Looking at some examples:
- an affine function is convex and log-concave
- $x^2, x^4$, etc are convex and log-concave
- $e^x$ is log concave
- $e^{x^2}$ is not log concave
So a crude guess might be that a convex function is log-concave if it does not increase "too fast". But I don't know if this is correct, and even if it is, I don't know what "too fast" is (is $e^x$ the limit?)
Let's assume $g$ is positive and twice differentiable. Then $(\ln g)'=\frac{g'}{g}$ and $(\ln g)''=\frac{g''g-g'^2}{g^2}$, so the condition of concavity is $g''g-g'^2\leq0$. Since $g$ is convex $g''\geq0$, so this is equivalent to $|g'|\geq\sqrt{gg''}$, the first derivative is greater by absolute value than the geometric mean of the second derivative and the function itself.
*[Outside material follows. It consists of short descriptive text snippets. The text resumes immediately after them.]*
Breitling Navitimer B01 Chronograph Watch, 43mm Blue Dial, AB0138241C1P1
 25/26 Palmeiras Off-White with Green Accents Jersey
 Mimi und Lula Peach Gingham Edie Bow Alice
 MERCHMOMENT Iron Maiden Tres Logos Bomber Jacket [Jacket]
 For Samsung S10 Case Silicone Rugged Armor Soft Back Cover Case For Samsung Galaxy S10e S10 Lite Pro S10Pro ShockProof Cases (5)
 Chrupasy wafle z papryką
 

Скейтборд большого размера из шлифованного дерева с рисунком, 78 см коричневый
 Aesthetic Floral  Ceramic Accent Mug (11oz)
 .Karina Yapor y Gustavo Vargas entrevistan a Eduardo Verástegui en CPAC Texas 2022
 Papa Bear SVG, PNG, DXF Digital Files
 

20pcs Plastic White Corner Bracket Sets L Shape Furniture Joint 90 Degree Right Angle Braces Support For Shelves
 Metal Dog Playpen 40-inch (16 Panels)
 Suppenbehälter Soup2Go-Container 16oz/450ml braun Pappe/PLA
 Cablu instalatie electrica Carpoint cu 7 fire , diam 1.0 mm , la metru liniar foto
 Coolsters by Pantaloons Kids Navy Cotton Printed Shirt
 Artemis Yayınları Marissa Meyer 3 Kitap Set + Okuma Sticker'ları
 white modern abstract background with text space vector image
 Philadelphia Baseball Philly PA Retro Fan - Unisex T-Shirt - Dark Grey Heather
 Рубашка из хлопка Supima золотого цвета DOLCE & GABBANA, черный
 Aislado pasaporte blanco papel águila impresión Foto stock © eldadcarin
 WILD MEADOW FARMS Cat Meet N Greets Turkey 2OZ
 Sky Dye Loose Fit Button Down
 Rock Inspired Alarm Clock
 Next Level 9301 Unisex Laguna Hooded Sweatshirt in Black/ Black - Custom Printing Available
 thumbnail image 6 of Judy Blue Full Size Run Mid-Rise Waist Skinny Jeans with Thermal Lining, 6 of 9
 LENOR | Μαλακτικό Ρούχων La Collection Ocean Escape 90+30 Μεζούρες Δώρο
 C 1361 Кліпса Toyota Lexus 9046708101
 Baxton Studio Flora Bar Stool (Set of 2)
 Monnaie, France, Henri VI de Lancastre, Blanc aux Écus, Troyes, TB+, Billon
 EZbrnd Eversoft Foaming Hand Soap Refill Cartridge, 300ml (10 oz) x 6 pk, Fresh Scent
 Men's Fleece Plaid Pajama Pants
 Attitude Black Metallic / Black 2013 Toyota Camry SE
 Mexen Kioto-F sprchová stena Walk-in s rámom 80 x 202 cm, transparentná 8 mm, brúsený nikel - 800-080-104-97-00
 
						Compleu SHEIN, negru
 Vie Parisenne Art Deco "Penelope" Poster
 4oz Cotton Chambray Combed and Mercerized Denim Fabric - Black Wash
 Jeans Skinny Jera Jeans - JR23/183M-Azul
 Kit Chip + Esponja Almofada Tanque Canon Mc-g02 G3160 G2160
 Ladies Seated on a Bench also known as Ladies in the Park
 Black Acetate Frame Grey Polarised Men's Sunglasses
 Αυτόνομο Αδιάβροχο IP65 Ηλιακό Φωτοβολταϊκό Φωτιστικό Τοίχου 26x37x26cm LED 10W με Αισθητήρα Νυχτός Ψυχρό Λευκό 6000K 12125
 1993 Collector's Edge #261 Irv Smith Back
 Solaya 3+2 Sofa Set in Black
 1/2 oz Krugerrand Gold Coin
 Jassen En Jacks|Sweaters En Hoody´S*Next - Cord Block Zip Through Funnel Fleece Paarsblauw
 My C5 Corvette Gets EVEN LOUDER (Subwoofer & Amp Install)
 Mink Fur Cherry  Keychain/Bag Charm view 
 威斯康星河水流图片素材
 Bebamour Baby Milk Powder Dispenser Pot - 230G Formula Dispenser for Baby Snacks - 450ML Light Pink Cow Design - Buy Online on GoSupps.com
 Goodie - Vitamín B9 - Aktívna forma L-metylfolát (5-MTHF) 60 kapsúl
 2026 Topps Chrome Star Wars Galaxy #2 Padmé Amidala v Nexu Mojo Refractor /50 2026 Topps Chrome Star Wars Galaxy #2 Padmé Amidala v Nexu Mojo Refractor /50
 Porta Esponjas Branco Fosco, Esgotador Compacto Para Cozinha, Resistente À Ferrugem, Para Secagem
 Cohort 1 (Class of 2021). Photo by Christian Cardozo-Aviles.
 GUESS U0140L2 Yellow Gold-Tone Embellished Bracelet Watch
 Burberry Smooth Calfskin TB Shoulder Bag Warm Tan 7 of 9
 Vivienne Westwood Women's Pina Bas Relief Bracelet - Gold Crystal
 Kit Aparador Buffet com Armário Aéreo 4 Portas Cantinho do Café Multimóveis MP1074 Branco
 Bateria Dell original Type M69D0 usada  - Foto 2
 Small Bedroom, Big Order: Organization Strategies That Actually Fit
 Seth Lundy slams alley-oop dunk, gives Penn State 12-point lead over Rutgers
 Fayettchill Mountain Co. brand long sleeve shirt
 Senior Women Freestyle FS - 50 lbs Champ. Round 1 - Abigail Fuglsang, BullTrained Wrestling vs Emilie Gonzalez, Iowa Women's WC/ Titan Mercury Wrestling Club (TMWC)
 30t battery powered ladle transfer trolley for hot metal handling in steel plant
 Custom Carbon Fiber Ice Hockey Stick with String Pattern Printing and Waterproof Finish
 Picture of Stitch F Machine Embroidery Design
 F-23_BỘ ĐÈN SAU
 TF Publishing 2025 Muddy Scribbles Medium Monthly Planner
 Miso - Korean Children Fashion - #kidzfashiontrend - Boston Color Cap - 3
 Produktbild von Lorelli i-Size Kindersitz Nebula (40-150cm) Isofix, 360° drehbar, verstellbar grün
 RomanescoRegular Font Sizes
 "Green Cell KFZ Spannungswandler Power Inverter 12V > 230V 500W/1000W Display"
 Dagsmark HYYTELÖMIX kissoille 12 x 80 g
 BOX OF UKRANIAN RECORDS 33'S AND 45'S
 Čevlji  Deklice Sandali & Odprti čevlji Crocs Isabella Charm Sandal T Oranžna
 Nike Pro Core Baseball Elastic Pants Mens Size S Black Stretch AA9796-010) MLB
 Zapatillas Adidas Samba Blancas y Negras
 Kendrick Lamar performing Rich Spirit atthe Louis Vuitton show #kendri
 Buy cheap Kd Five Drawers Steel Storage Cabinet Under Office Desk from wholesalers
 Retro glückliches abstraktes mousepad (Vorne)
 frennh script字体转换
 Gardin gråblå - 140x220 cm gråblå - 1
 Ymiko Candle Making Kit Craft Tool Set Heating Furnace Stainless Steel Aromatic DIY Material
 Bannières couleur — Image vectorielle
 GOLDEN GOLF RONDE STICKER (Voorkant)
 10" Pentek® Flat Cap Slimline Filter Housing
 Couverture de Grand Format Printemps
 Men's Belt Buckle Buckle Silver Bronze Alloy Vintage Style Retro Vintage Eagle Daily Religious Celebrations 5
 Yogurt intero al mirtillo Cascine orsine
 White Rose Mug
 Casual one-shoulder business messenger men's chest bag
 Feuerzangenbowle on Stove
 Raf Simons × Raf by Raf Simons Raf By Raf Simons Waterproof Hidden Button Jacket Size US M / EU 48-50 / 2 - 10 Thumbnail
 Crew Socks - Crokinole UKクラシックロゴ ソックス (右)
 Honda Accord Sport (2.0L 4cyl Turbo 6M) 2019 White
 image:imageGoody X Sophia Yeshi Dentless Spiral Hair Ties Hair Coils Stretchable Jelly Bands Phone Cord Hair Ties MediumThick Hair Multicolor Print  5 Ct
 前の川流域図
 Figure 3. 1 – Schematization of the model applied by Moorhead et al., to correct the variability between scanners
"Not increasing too fast" does not do it: $\frac1x$ does not increase at all, yet it is log-convex instead (taking $x>0$). There might be something to $e^x$ being the "boundary", it has to do with $x$ being the boundary between concave and convex among the power functions. Take $g(x)=\cosh x$, then $g'(x)=\sinh x$, $g''(x)=\cosh x$, and $\cosh^2x-\sinh^2x=1\geq0$. So $\cosh$, growing slightly faster than $e^x$, is log-convex. On the other hand, $\sinh x$, growing slightly slower, is log-concave.